Miss my privacy, my space, my own time.
A bit excited to move out jakarta, a bit nervous too.
What if ga betah? What if suasananya ga enak?
Lately I can't hear the voices in my head. Kecapean kali ye?
I can't even think.
Maaann....I really need a me time.
Mungkin bener juga yg si nyot bilang kayanya gua lebih seneng idup sendiri...
Haheuaha...gila!ya sendiri emang enak sih kadang2....
And I don't mind sendirian juga...tapi kadang sepi sih...
Kuku gua ancur banget nih....
Kenapa sih kayanya semua kudu gua?
Sampe all the time I have left di jakarta juga kudu dipake??
I refuse...sorry, I still have to do other stuff
Sleepy. Ngawur ngomongnye!
Friday, June 11, 2010
loncat sana, loncat sini
otak pikirannya loncat sana, loncat sini....
lagi sakit kepala juga...
apa ya?
banyak sih di otak, cuma bingung mau mulai dari mana...hehehe...
bite me!
ah udah aaahhh
Friday, April 30, 2010
ketika bermalam di cawang.....
Sleeping in my old room, not as comfy as the old time.
Maybe this is rasanya leave the old nest and build my own new nest ya?
Not saying cawang is bad.
Cuma udah ga terbiasa aja.
Keadaannya, bisingnya suara kendaraan bermotor, ruangan2 yang rasanya kurang familiar.
Udaranya, warna cahaya lampu. Semuanya beda.
I can't find me here.
I love my new nest, yg bentar lagi akan ditinggalin.
Baru ngerasa "this is home; my, our home"....ehh harus pergi.
Sempet kecewa. Sedih udah pasti.
And jujur aja, I can't say bali is home just yet.
Waktu si suami otaknya lagi lempeeeng banget dia pernah bilang, "this is for a better life, for our family. Our life."
Iya juga sih kalo dipikir2.
It aint easy to say good bye. Aint!
:(
Monday, March 15, 2010
people!!!!
Pada kehebohan demo obama...
Duileh!
Kurang kerjaan.
denger dulu, liat dulu baru komentar.
Lah ini...belom juga ada apa2, uda teriak2 sana sini...
Buset deh...
Oh mobil stream udah laku...
So fast. Seriously fast. Maybe its just time.

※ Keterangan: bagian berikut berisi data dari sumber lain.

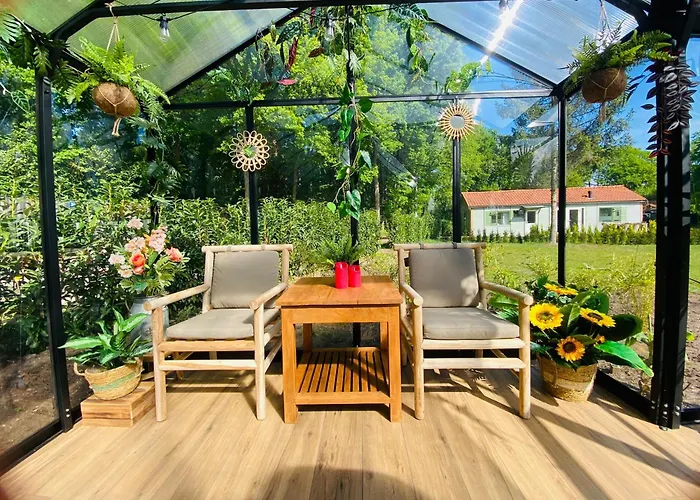 度假居 Morning Glory Salvia *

Setrikaan belom digosok nih
Udah second batch...hihui...
Bodo ah tugas sang suami...hihi
Excited about the coming family trip.
Walopun itu artinya menguras kantong...
Ahahaha...mungkin krn gua pengen liat si mitsoy aja kali ya...
Pengen punya a good sunglasses, just like my ralph lauren sunglasses...
Awet....since 2002, sampe sekarang masih bagus...
Mau beli ahh...
Mau ice cream...kenapa ya?akhir2 ini mau ice cream terus...
Oh well...
Friday, March 12, 2010
a tribute buat si kecil
berbulu...
nakal sih engga...
galak juga engga...
manja banget
ga mau turun naek tangga sendiri
padahal bisa, tapi manja....
takut gendong dia, bukan karena dia galak
tapi takut nyakitin dia....
soalnya gua ga tau pasti kaki yang sakit itu yang mana
....pernah coba gendong...tiba2 tereak, "nggeeeeekkk"
lah, salah cara gendongnya....
dimarahin dah gua....
waktu baru dateng bisa duduk ditelapak tangan gua
warnanya item. lucuuuuuuu banget....
dari kecil udah doyan buah...
inget banget, dia pernah jilatin jus alpukat di gelas plastik sampe kepalanya masuk dan mukanya blepotan jus alpuket...ahauehauehae....
iseng banget sama piko, suka humping semena mena....hihihihiii....
terakhir gua liat, just last month.
udah tua, warnanya udah abu abu pudar agak kecoklat-coklatan
waktu itu ngintilin gua ke kantornya si papi, duduk dibawah kaki gua...
seinget gua, dia ga pernah ngintilin gua....tapi hari itu dia ngintilin gua...mungkin karena ga ada orang kali ya?
sempet gua foto foto dan unyeng unyeng...i am so glad sempet unyeng-unyeng dia...
si kecil yang cempreng,
sekarang kamu udah ga di buaran lagi....
udah diatas sana...
gak sakit lagi, ga muntah lagi, ga batuk lagi...
baik baik ya disana....
you holds a special place in my heart, just like piko...
always....
Friday, March 05, 2010
the L town
for me it's London. It's calling me....again and again!
i know i have to set my priorities right and it's one of mine!
every time i saw or read something about it, my heart itch (lebay ye?hahauehea). just have to go there!!
something about it really struck me.
and people says, "there's internet, there's google map. you dont have to go there to be there"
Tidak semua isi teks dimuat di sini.